It may seem a harmless question to ask how molecules of water arrange themselves
to cover a surface, but the answer has big consequences. For instance, the drag
experienced by water flowing past a surface affects the transport of pollutants
in the environment. And the initial growth of ice crystals on dust is essential
to the formation of raindrops.
Sandia National Laboratories researcher Peter J. Feibelman studies unexpected behavior at the liquid-solid interface (Photo by Randy Montoya)
In 2001, senior scientist Peter Feibelman proposed an unexpected solution to
a long-standing experimental mystery concerning a one-molecule thick layer of
water on ruthenium: By giving up a hydrogen atom, half the layer's water
molecules find themselves more attracted to the surface. They therefore move
closer to it, just as was seen, but not understood, in a 1994 diffraction experiment.
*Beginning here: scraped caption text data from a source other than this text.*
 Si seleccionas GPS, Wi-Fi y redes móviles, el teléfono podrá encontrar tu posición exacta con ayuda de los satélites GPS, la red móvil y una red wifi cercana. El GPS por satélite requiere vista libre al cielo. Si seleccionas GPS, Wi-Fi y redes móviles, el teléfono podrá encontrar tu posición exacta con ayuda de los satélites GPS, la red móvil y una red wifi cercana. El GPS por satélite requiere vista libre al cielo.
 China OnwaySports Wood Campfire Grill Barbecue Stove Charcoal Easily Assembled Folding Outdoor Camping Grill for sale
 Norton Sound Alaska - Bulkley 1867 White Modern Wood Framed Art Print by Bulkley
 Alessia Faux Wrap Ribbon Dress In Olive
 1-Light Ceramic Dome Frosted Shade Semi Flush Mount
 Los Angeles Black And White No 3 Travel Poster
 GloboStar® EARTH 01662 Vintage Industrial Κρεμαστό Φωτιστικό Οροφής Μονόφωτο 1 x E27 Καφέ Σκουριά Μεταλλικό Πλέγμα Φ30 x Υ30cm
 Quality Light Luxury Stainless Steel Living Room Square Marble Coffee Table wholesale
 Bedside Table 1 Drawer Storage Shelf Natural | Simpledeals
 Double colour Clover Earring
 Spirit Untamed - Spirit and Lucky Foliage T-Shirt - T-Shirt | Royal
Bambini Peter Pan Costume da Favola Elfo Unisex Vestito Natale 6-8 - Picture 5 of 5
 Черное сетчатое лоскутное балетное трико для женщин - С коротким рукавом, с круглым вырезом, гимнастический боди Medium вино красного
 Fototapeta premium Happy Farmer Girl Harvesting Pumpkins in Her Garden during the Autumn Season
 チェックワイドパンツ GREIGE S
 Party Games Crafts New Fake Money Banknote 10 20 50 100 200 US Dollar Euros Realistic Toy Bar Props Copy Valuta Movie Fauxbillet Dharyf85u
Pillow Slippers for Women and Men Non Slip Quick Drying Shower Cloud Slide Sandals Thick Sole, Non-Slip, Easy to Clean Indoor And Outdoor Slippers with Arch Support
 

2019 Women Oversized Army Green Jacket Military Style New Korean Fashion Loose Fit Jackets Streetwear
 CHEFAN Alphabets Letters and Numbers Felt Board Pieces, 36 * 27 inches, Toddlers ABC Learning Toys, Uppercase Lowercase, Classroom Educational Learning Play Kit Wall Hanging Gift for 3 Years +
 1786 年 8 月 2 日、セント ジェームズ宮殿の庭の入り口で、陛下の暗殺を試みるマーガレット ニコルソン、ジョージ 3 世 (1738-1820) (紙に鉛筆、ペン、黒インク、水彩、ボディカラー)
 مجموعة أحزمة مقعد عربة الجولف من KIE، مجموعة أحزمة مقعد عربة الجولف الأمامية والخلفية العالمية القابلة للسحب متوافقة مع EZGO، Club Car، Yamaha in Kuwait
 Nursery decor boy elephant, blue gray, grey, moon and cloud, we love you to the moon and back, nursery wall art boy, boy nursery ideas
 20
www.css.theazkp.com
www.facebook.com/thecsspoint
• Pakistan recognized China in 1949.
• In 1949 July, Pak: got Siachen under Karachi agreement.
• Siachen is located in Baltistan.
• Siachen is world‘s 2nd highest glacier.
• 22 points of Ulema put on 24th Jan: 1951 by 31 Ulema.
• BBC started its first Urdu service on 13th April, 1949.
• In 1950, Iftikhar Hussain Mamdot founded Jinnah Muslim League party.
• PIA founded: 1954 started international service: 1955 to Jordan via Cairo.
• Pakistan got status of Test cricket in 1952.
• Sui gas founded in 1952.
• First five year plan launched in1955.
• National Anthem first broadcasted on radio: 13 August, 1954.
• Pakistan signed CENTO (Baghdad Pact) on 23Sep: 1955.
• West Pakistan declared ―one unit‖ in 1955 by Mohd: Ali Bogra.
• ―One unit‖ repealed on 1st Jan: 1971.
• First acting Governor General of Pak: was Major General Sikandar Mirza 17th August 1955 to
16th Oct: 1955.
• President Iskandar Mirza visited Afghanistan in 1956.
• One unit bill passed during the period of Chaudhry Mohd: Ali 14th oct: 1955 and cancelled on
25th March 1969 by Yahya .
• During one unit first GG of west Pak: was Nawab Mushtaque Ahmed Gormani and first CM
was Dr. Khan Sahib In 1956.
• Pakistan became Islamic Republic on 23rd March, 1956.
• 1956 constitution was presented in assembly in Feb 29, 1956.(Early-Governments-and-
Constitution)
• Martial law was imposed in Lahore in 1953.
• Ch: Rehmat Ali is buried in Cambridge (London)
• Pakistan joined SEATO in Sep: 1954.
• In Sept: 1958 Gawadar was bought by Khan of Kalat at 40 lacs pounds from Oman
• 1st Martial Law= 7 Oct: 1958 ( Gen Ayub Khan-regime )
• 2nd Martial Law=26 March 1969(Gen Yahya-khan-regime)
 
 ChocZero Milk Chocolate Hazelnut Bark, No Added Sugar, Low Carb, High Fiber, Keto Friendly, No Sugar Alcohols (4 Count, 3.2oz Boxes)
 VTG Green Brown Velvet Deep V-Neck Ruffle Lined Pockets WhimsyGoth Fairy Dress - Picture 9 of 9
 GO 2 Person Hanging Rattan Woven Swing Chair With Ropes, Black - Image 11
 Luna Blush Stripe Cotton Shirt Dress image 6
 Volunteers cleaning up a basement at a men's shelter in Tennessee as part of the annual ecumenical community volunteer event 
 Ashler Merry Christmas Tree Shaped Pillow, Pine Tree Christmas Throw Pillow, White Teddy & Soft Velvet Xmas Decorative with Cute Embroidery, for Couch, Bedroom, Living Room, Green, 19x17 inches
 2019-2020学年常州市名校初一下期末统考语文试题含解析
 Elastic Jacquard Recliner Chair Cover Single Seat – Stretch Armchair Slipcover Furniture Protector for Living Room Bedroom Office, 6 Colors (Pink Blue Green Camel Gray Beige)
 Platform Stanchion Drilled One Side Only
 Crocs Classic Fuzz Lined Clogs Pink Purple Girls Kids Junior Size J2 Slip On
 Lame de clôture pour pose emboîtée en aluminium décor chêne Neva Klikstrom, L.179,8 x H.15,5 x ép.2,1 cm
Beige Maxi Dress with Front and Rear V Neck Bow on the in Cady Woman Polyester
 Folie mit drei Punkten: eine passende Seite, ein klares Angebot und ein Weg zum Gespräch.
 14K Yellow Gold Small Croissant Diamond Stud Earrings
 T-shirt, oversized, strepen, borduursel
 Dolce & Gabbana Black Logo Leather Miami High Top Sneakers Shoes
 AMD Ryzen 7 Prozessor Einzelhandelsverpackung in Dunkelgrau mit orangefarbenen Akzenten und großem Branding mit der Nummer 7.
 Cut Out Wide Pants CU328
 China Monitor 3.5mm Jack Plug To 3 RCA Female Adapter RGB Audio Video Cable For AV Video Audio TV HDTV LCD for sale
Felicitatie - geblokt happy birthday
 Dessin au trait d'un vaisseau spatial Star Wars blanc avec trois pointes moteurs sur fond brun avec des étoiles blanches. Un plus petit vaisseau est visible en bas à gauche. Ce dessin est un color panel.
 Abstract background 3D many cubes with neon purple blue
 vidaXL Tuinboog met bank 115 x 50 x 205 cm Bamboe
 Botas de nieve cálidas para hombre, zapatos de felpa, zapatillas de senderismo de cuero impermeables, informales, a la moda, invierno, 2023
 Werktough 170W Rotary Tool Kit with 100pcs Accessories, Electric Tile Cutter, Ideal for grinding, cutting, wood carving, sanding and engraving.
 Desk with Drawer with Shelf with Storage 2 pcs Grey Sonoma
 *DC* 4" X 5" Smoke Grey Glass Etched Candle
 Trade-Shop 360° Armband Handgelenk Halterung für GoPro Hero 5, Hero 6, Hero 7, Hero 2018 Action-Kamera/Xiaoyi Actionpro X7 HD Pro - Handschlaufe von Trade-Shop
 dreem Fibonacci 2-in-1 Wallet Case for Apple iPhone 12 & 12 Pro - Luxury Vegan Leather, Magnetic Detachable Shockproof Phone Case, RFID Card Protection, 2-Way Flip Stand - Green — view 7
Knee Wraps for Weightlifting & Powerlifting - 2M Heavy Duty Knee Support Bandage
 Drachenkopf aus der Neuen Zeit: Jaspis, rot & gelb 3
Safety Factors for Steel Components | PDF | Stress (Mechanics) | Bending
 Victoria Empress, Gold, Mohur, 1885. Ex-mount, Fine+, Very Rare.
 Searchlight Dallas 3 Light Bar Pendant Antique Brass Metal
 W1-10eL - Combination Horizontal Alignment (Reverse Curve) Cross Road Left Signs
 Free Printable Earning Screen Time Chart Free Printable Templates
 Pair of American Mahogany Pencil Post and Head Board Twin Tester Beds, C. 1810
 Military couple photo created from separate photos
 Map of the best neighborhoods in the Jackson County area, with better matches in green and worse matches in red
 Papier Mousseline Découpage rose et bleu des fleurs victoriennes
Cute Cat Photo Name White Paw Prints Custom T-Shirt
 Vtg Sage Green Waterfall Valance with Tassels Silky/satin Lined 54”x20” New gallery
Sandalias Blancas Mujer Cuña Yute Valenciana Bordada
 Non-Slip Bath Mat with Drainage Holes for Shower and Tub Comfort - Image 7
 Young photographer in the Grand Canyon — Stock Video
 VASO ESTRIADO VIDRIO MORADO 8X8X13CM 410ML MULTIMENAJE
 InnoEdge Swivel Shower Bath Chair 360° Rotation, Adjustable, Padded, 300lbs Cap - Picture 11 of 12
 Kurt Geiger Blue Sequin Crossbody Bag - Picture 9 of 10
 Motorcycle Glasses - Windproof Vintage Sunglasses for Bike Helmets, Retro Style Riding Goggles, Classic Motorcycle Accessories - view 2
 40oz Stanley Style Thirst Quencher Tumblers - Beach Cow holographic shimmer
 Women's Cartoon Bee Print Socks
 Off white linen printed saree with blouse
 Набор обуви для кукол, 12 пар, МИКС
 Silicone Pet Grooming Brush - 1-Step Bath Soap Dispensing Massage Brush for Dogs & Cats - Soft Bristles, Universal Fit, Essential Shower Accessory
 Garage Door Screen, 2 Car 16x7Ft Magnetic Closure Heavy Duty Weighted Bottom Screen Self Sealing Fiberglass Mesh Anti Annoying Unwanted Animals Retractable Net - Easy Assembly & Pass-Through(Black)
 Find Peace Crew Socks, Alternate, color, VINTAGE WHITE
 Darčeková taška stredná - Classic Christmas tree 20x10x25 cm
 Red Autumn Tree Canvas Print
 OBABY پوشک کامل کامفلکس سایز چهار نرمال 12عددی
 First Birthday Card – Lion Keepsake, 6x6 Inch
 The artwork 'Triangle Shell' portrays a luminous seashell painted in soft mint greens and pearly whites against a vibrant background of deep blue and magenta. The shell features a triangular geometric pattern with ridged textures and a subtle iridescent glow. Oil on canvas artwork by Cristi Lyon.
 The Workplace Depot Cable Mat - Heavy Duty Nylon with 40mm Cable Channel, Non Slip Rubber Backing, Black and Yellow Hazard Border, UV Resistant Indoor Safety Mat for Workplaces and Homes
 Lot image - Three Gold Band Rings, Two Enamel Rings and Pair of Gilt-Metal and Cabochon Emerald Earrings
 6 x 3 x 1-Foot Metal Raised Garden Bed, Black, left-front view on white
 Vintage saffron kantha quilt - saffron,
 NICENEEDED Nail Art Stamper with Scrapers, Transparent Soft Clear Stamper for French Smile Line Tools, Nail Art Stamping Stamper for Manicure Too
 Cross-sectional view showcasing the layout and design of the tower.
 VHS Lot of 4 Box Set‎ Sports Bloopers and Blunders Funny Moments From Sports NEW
Feibelman's technical paper on this work, published in Science, has subsequently
been referenced more than 200 times - an average of once every two weeks.
Now Feibelman has written, in his usual lucid style, the cover-story article
of the current issue of Physics Today, the widely distributed publication of
the American Institute of Physics. The article describes research leading up
to his seminal paper and the papers following it.
Said Feibelman, "I had offered an explanation for the odd results of
essentially the only quantitative measurement of atom positions on a wetting
layer. As I recount in my review, this explanation stirred up a lot of interest,
controversy, and further work, including several papers of my own."
Thereafter, Feibelman did other work on water-solid interactions, developing
theoretical tools to help interpret data from (recently retired Sandian) Jack
Houston's interfacial force microscope, and interpreting atomic-resolution,
scanning-tunneling-microscope pictures of water on metals.
The editors of Physics Today emailed to ask Feibelman whom he would recommend
to write a review of what was going on.
"I gave them several names, but also said I'd be happy to give
it a try," said Feibelman. "They asked for an outline. I gave them
a 2500 word stream-of-consciousness sample of what I had on my mind. They liked
that enough to ask me to write the article."
The subject might seem abstract. But, as Feibelman wrote in the opening paragraph
of his review, "The first layer of water molecules at a surface is the
structural template that guides the growth of ice, embodies the boundary condition
for water transport, and mediates aqueous interfacial chemistry. It thus determines
if rain will fall, how fast pollutants migrate in rock and soil, and governs
corrosion, catalysis, and countless other processes."